WORK REQUEST:
For this listing, reproduce the line with "Arden Striped Cotton Pants", the line with "moncheri キルティングメッシュ付きフロントリュック Pets-first", and the lines between, exactly as they stand. Leave out pictures and all other lines.

RECORDS FOR THIS EXERCISE:
----------

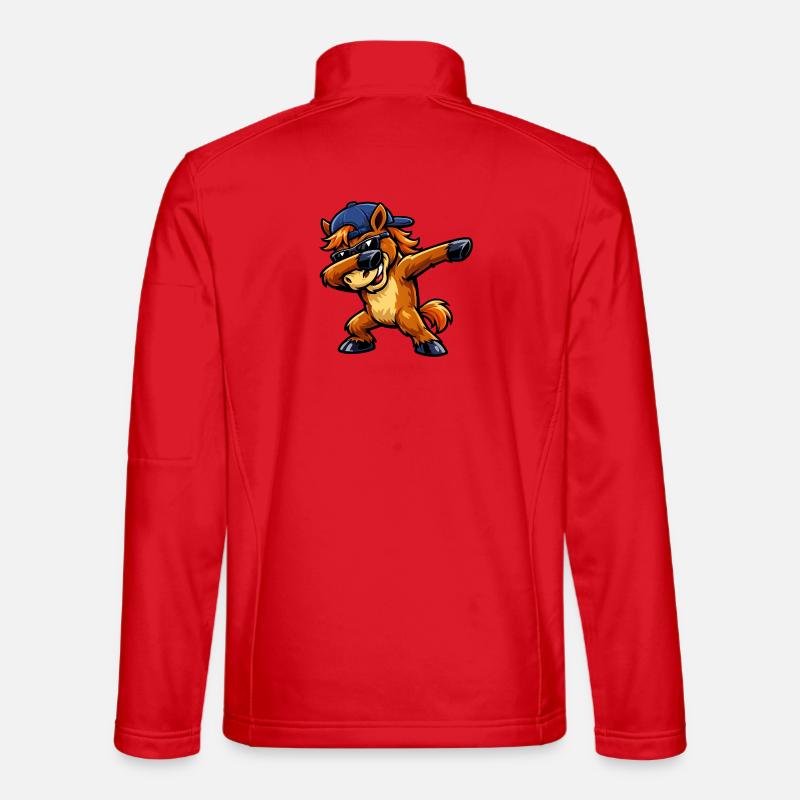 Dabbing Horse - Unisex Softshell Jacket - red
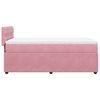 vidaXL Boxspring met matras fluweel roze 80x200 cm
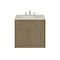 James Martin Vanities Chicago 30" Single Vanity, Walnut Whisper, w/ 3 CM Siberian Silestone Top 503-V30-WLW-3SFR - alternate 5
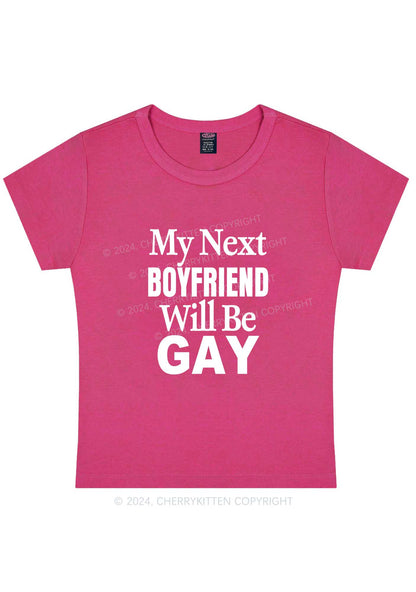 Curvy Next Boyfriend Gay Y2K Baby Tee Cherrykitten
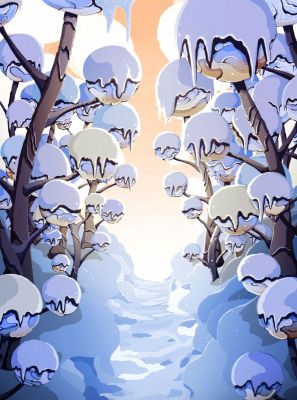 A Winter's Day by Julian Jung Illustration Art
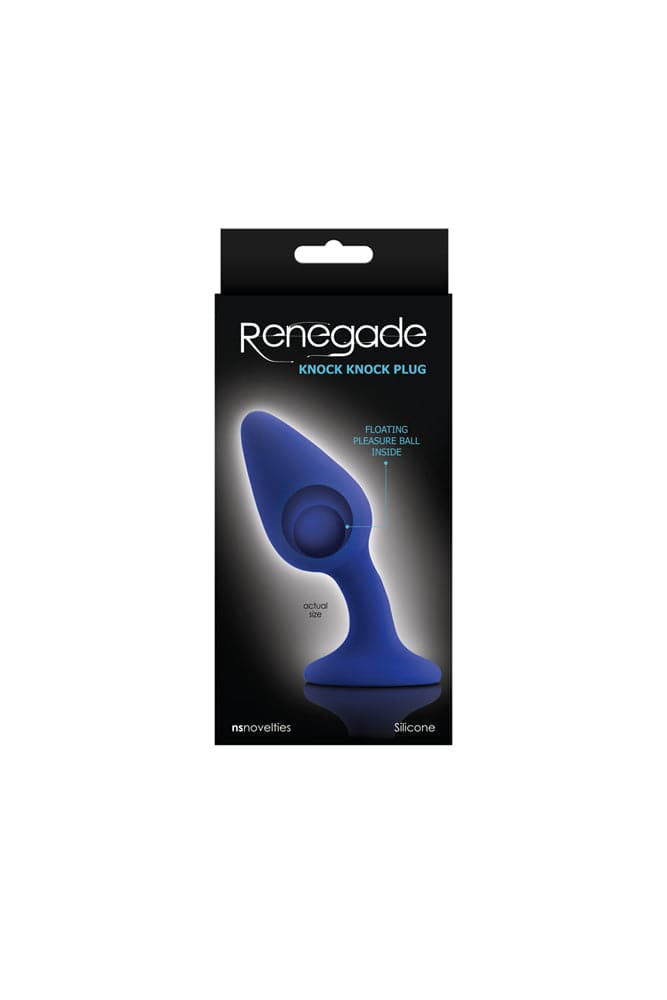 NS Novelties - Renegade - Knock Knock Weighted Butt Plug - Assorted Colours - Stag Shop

----------

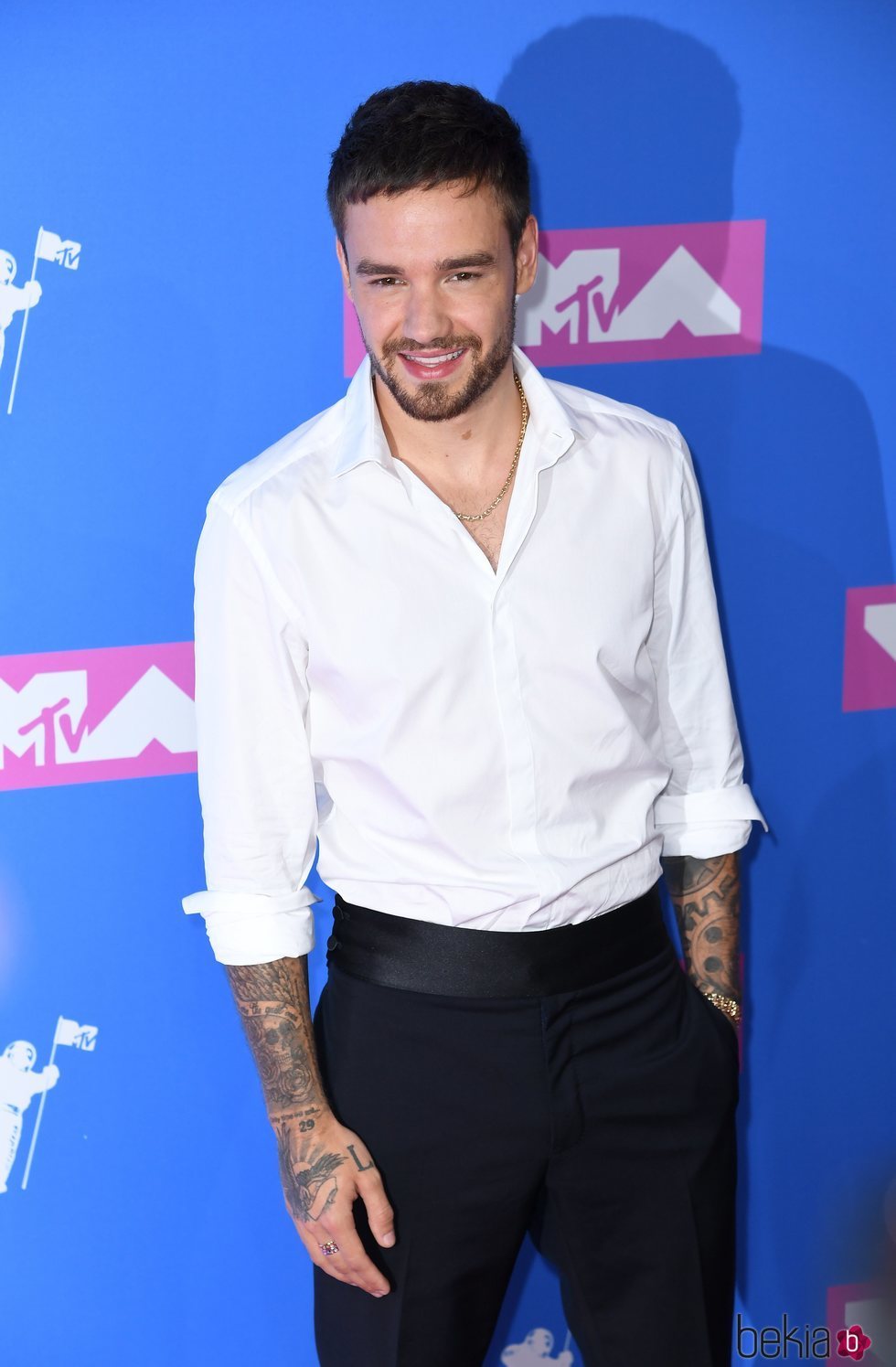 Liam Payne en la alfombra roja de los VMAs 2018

----------

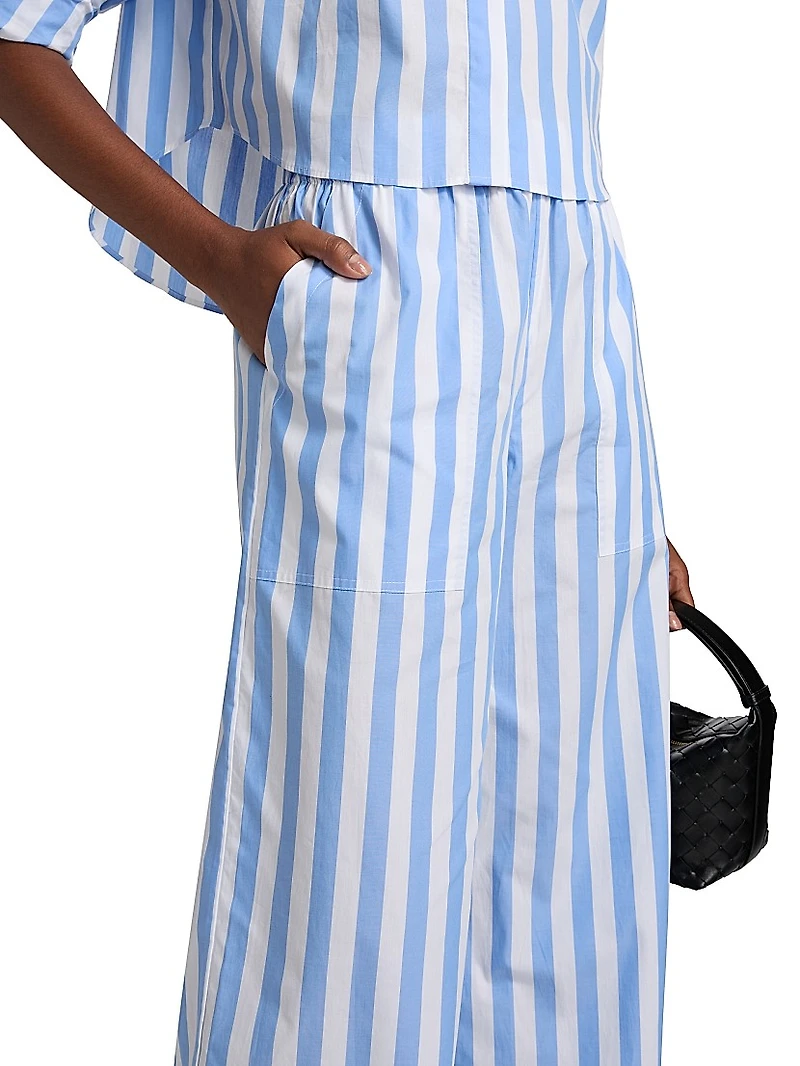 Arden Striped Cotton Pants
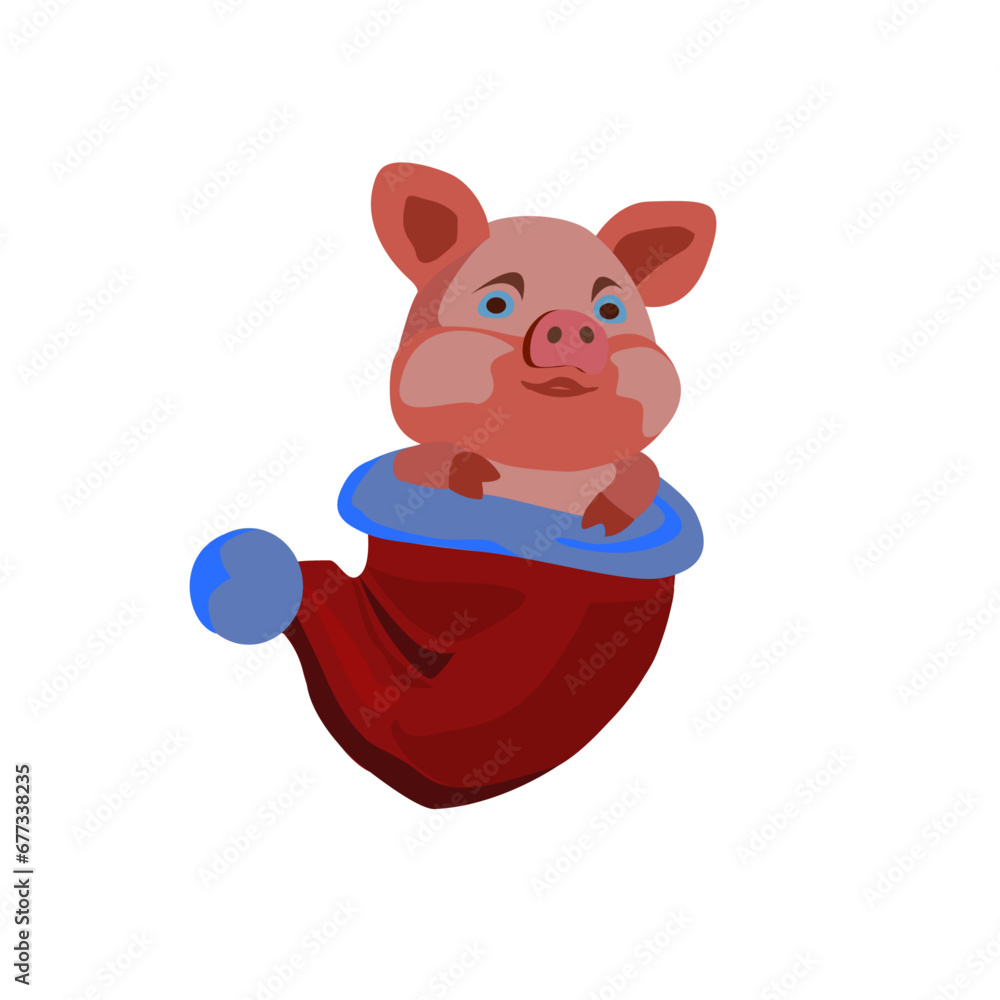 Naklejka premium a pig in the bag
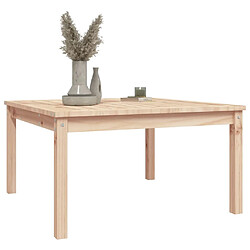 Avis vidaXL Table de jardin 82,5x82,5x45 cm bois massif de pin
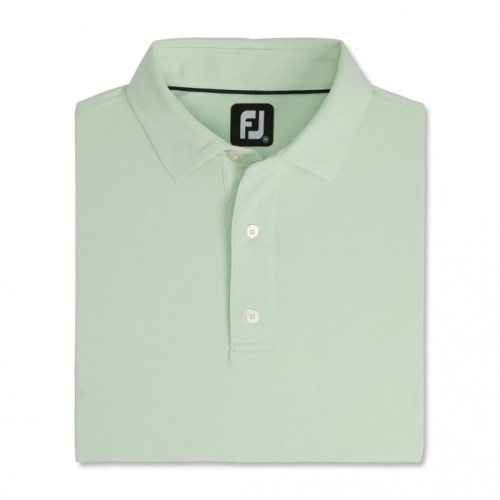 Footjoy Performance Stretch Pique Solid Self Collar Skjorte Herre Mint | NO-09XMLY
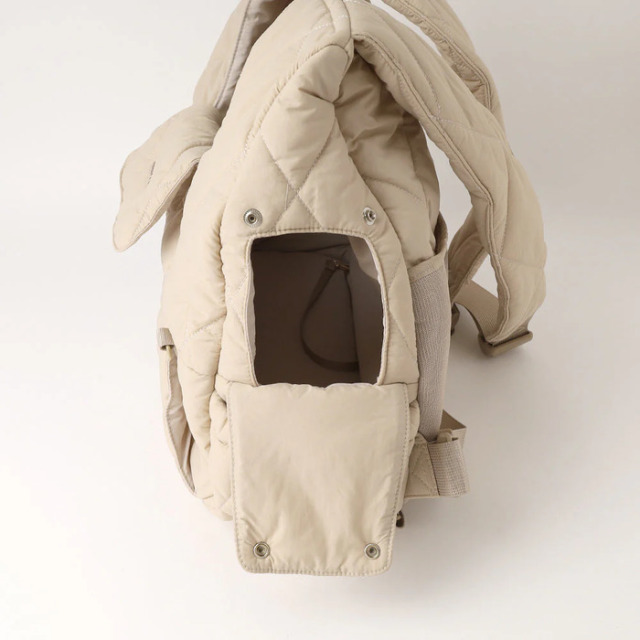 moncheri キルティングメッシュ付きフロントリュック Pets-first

----------

SOLVED PROBLEM:
 Arden Striped Cotton Pants
 Naklejka premium a pig in the bag
 Avis vidaXL Table de jardin 82,5x82,5x45 cm bois massif de pin
 Footjoy Performance Stretch Pique Solid Self Collar Skjorte Herre Mint | NO-09XMLY
 moncheri キルティングメッシュ付きフロントリュック Pets-first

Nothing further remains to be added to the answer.